C'e? una riflessione cui ti costringe involontariamente una bacheca posta all'inizio e alla fine del muro. Essa avverte che mentre i murales della facciata esposta a Est, il territorio riconquistato, è quello riconosciuto ufficialmente di valore, nel quale cioè si sono impegnati artisti di nome, quella esposta a Occidente con i murales di autori ignoti è ritenuta di natura 'selvaggia'. Si tratta di un paradosso involontario. E' come se si fossero invertite le parti. A Est, che fino a poco fa era occupato dai ‘barbari’, l'Occidente espone la sua arte con i suoi modi coinvolgenti, le sue linee informali ma dirette a un senso, la bellezza di composizioni ammirevoli per genialità. A Ovest l'Occidente espone la serie B e C, opere dei giovanissimi, che curvano lo spray al momento giusto per disegnare un cerchio quasi perfetto ma poi la direzione deraglia da qualsiasi senso. E' difficile cogliere in quei murales sicure emozioni e significati. Se ci sono, sono rimasti in un cantuccio della testa dell'autore tanto che finisci col pensare che la prima è vera Arte e la seconda è solo Caos. Salvo poi non poter fare a meno di considerare che l'ordine dell'Occidente contiene una quantità incommensurabile di caos, quella che si manifesta nella crisi delle democrazie europee, nella crisi della globalizzazione capitalistica, nella insolvenza criminale del pensiero unico e della sua pratica schiavizzante. Forse i giovani della facciata Ovest sono nel Caos ma forse stanno anche cercando una via d'uscita dal Caos dell'Occidente.
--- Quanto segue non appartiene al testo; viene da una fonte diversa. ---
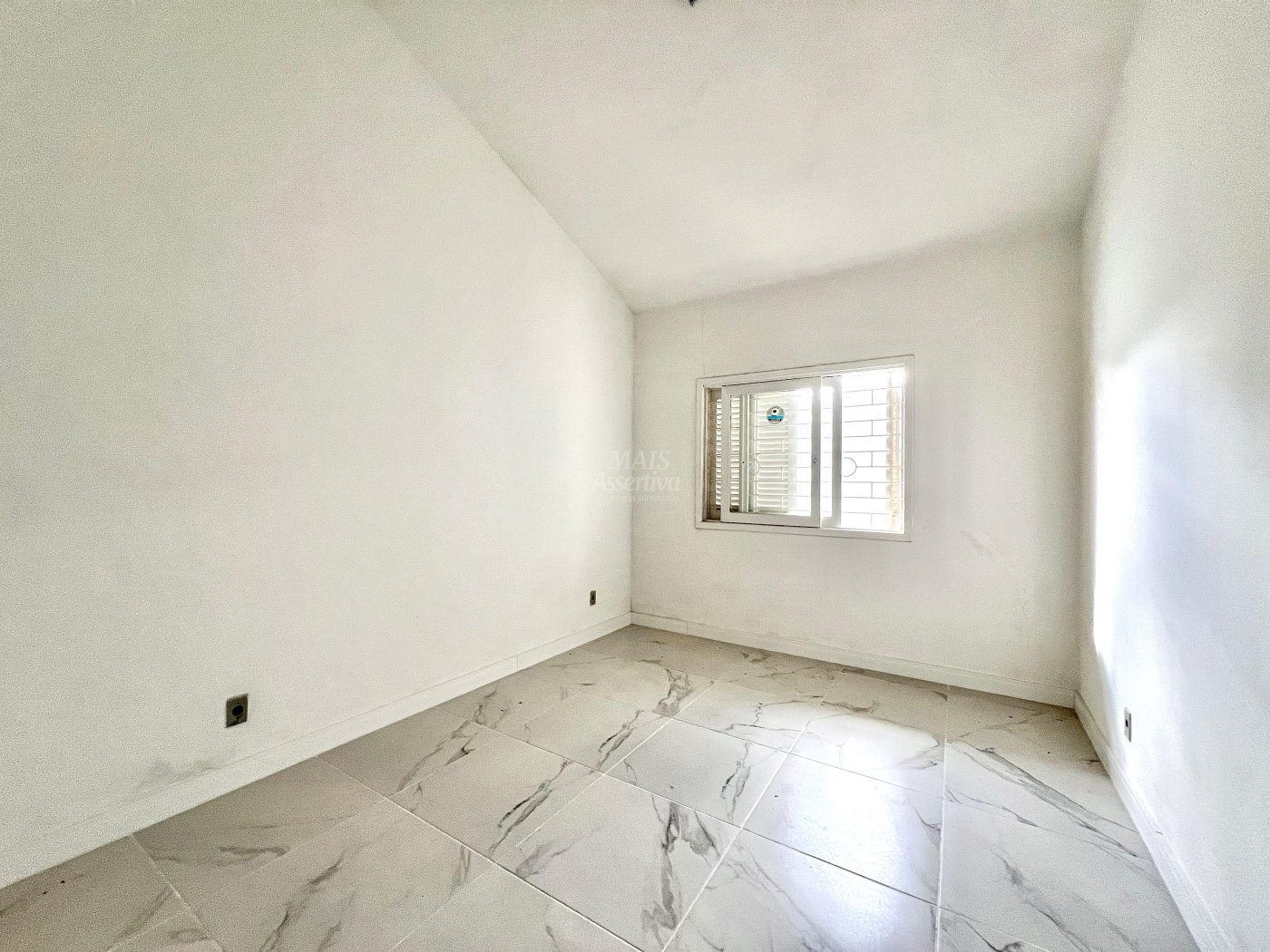 Casa, 4 quartos, 240 m² - Foto 19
I benpensanti tengono all'ordine creativo della prima facciata. Essa contiene una sicura quantità di razionalità che garantisce, almeno a loro, la sopravvivenza. Se tutti i soggetti politici e culturali si acconciassero a razionalizzare al meglio strutture mentali e pratiche, se si adattassero con professionalità alle necessità pragmatiche del mercato tutti starebbero meglio, dicono e pensano, e in ultima analisi non ci sarebbe più un'arte di serie B. Non si rendono conto, o non vogliono farlo il che è più verosimile, che svelano in maniera plateale la propria utopia. Tutti quelli che hanno passato gli ultimi decenni a denunciare i mali delle ideologie, che ovviamente provenivano per loro solo da sinistra, dovrebbero avere il coraggio di affermare che quello era solo il modo per mascherare l'utopia del pensiero unico liberale che stava di casa da sempre di qua dal muro. Adattandosi un po’ di più, accettando le ragionevoli regole dell’unico mondo possibile fondato sulla natura, dicono, questo sistema può evitare il Caos, al quale il grosso dell'umanità sembra essere affezionata.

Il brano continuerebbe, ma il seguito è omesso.